Obligation de délivrance et bail commercial

L’obligation de délivrance du bailleur commercial toujours au cœur des contentieux

L’article 1719, au visa duquel est rendu un récent arrêt de la Cour de cassation, précise l’obligation de délivrance y compris en matière de bail commercial :

« Le bailleur est obligé, par la nature du contrat, et sans qu’il soit besoin d’aucune stipulation particulière :
1° De délivrer au preneur la chose louée et, s’il s’agit de son habitation principale, un logement décent. Lorsque des locaux loués à usage d’habitation sont impropres à cet usage, le bailleur ne peut se prévaloir de la nullité du bail ou de sa résiliation pour demander l’expulsion de l’occupant ;
2° D’entretenir cette chose en état de servir à l’usage pour lequel elle a été louée ;
3° D’en faire jouir paisiblement le preneur pendant la durée du bail ;
4° D’assurer également la permanence et la qualité des plantations. »

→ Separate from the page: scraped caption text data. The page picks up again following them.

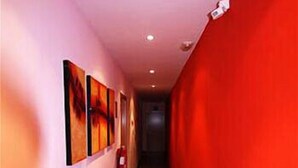 A hallway with a red wall on one side and a pink wall on the other, featuring artwork and a fire extinguisher. - Hostal Abril (Madrid)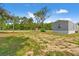Exterior of property with a spacious front yard featuring natural landscaping and gravel at 16070 La Bella St, Brooksville, FL 34604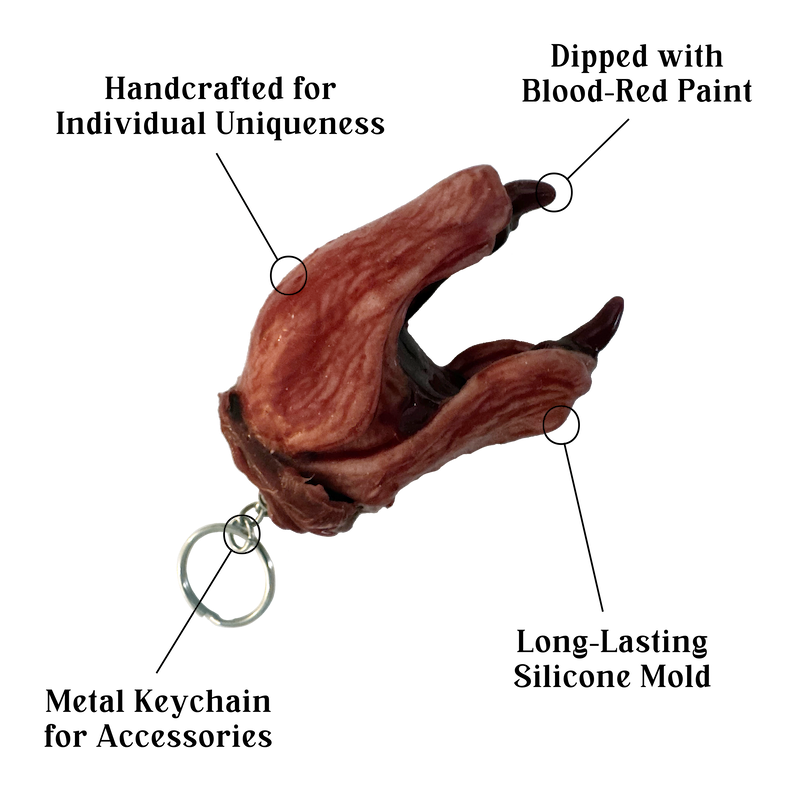 the-fetus-head-keychain-features-hand-painted-silicone.png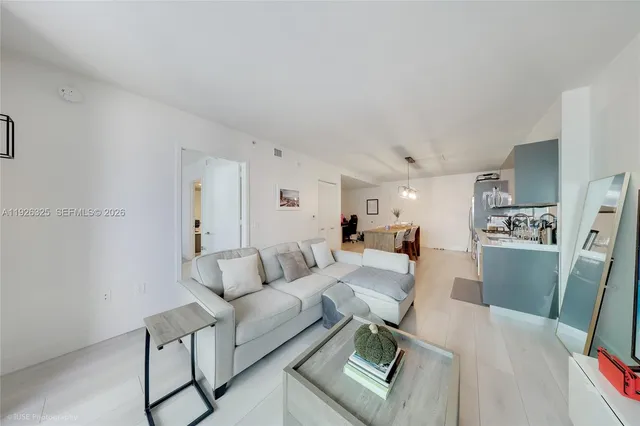 a bedroom with a bed and a lamp on dresser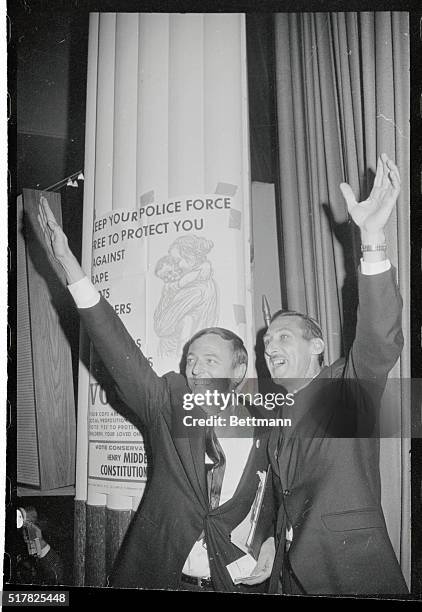 Conservative Party gubernatorial candidate Paul L. Adams, , and William F. Buckley Jr. Wave to the crowd during a rally held here. Adams said his...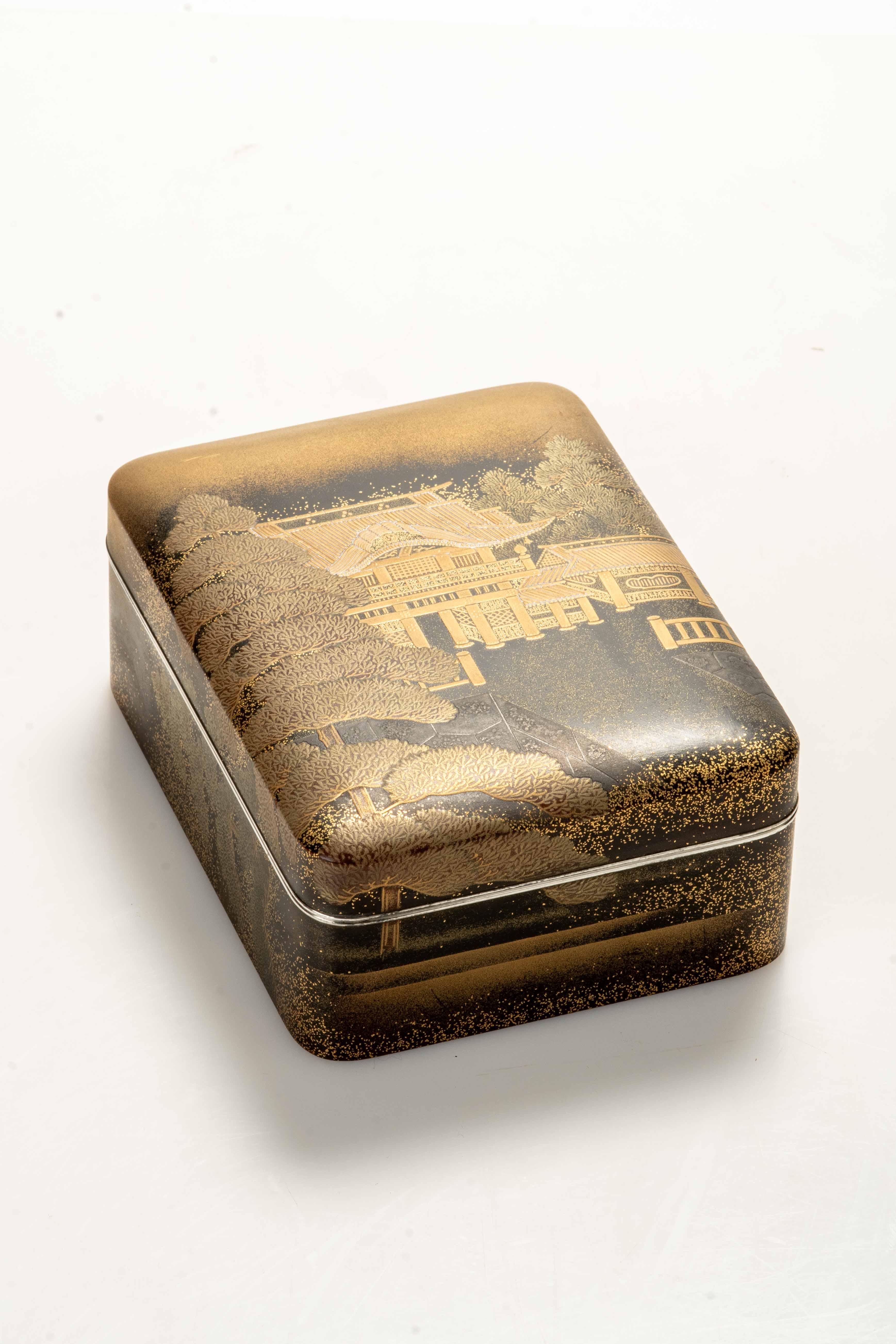 Caja tebako de laca maki-e embellecida con adornos dorados que representa un templo budista rodeado de majestuosos pinos de Matsu. El interior y la base están acabados en laca nashiji. Los bordes de la caja y la tapa están elegantemente acabados en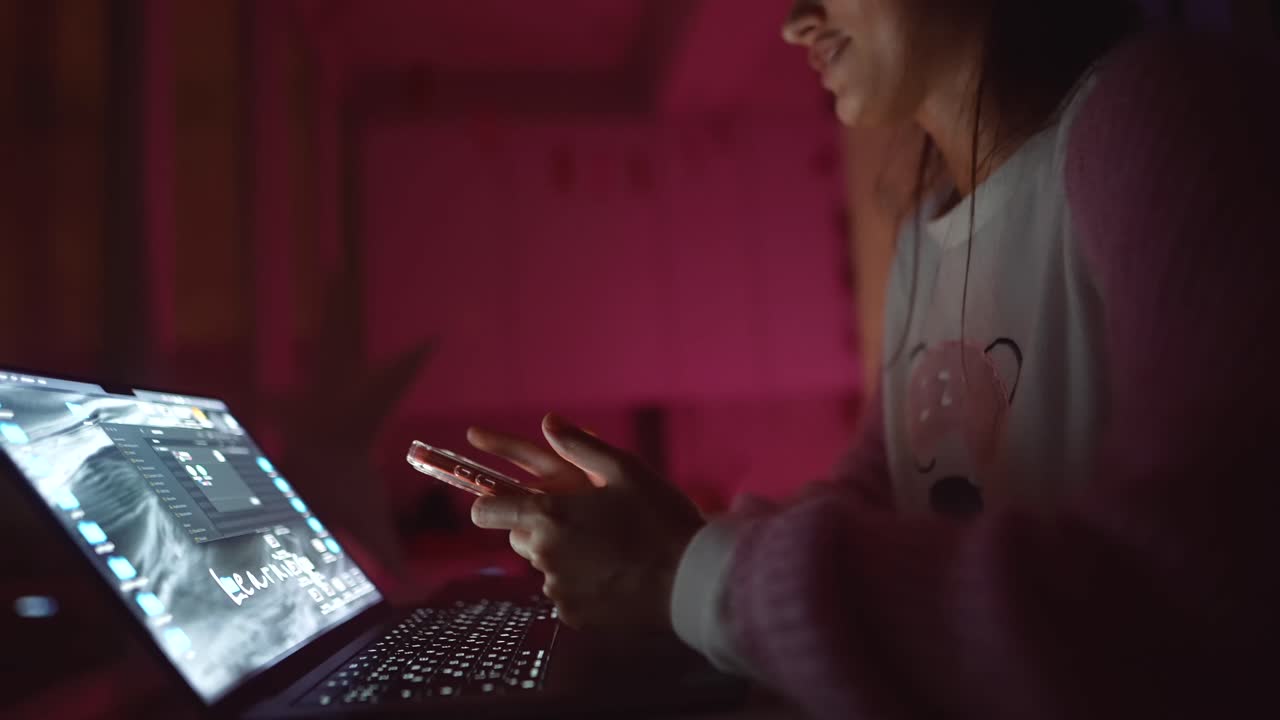 Donna che usa un laptop e uno smartphone di notte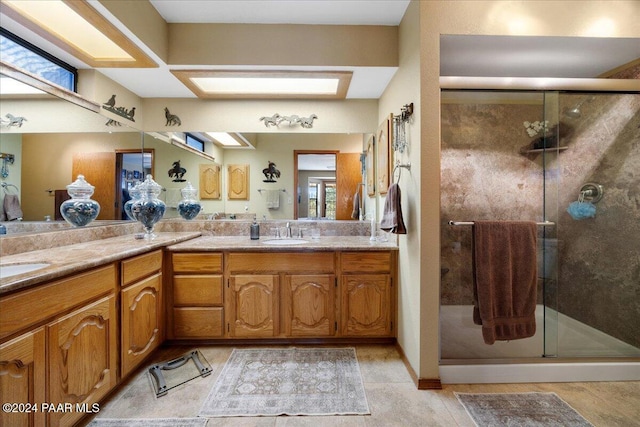 bathroom with vanity and an enclosed shower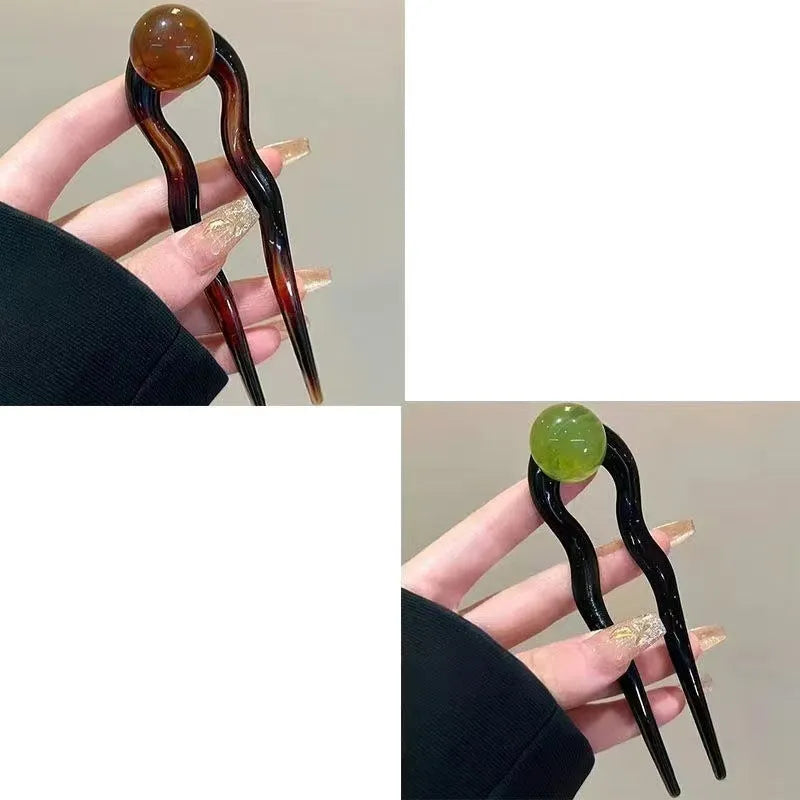 Acrylic U-shaped hair barrette with a small spherical decoration in a beige and caramel two-tone colour combination.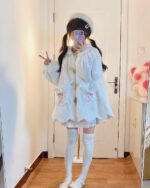 Model wearing a fluffy rabbit ears hoodie, kawaii style clothing.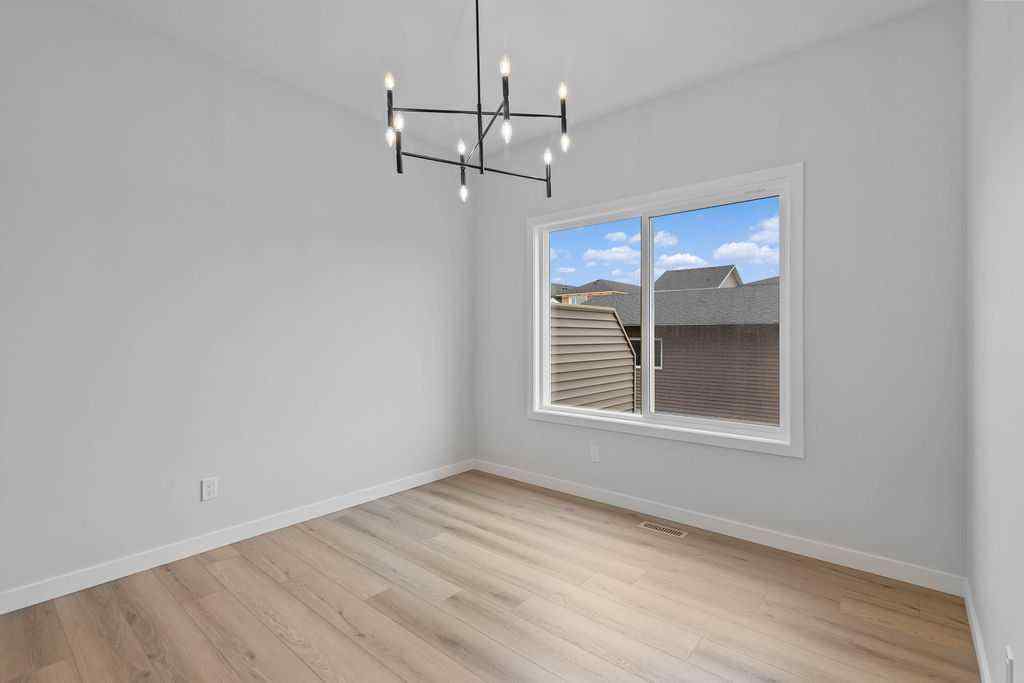 MLS® A2199712 - 1025 Reynolds Crescent SW in Coopers Crossing Airdrie, Residential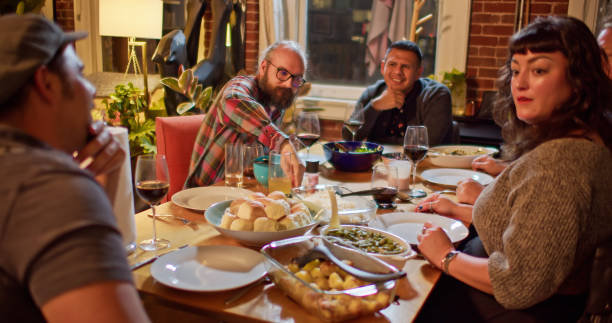 istock Friendsgiving Dinner Guests Serving Food 1440328165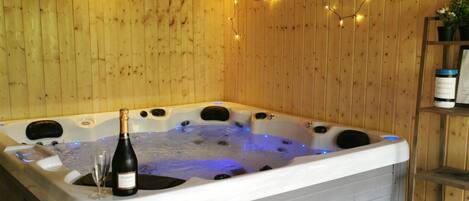 A wooden cabin with a hot tub, string lights, and a bench.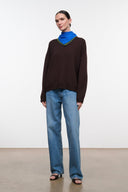 Brown knit sweater with blue-green cowl neck, relaxed fit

Cette obligation fondamentale doit être exécutée tout au long de la relation contractuelle et s’appréciera tant sous un aspect matériel, que juridique ou de conformité à la destination contractuelle des locaux.

C’est ainsi qu’en matière de bail commercial, d’après la Haute Juridiction, la location d’un local construit sans permis de construire peut-être constitutif d’une inexécution de l’obligation de délivrance. En censurant l’arrêt d’appel, la Cour de cassation rappelle ainsi qu’il importe peu qu’un trouble soit manifeste pour constater une inexécution de la délivrance juridique des locaux. Cette décision s’inscrit ainsi dans une jurisprudence désormais bien établie.

« Vu l’article 1719 du code civil :

4. Selon ce texte, le bailleur est obligé, par la nature du contrat, et sans qu’il soit besoin d’une stipulation particulière, de délivrer au preneur la chose louée et d’entretenir cette chose en état de servir à l’usage pour lequel elle a été louée.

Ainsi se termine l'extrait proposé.